ABOUT THIS EXERCISE> Please transcribe the data that follows exactly, from its first line through the line that contains "14KT Gold Blue Topaz Necklace".

RECORDS TO USE>

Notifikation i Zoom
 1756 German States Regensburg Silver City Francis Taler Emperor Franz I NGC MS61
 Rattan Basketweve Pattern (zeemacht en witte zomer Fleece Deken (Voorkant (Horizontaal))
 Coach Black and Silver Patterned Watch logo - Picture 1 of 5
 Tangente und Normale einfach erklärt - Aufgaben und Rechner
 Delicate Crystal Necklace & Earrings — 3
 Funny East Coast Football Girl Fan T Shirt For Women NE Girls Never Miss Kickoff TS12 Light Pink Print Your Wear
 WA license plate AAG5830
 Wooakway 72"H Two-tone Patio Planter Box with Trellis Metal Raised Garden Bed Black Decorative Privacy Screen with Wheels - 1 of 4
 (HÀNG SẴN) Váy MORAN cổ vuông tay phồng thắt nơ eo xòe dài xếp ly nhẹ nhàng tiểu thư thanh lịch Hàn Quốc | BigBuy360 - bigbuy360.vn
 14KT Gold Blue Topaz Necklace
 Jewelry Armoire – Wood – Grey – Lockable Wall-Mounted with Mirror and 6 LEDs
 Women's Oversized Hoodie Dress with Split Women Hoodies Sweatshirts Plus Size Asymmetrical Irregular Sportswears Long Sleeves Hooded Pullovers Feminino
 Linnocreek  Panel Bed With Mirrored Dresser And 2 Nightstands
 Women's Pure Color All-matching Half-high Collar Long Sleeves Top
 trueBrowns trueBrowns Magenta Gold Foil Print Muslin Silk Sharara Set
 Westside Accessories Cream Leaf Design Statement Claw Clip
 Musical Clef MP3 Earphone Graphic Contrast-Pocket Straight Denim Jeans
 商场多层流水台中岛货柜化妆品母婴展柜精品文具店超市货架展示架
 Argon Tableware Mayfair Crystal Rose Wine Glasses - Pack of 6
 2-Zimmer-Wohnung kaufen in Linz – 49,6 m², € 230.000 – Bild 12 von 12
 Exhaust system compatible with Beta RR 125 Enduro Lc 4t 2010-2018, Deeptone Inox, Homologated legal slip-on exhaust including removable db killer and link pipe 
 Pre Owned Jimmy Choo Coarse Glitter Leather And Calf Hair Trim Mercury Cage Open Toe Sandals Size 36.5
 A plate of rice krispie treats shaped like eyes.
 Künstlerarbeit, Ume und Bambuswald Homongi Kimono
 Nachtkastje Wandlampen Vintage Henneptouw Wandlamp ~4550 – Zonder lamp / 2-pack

WRITTEN RESPONSE>
Notifikation i Zoom
 1756 German States Regensburg Silver City Francis Taler Emperor Franz I NGC MS61
 Rattan Basketweve Pattern (zeemacht en witte zomer Fleece Deken (Voorkant (Horizontaal))
 Coach Black and Silver Patterned Watch logo - Picture 1 of 5
 Tangente und Normale einfach erklärt - Aufgaben und Rechner
 Delicate Crystal Necklace & Earrings — 3
 Funny East Coast Football Girl Fan T Shirt For Women NE Girls Never Miss Kickoff TS12 Light Pink Print Your Wear
 WA license plate AAG5830
 Wooakway 72"H Two-tone Patio Planter Box with Trellis Metal Raised Garden Bed Black Decorative Privacy Screen with Wheels - 1 of 4
 (HÀNG SẴN) Váy MORAN cổ vuông tay phồng thắt nơ eo xòe dài xếp ly nhẹ nhàng tiểu thư thanh lịch Hàn Quốc | BigBuy360 - bigbuy360.vn
 14KT Gold Blue Topaz Necklace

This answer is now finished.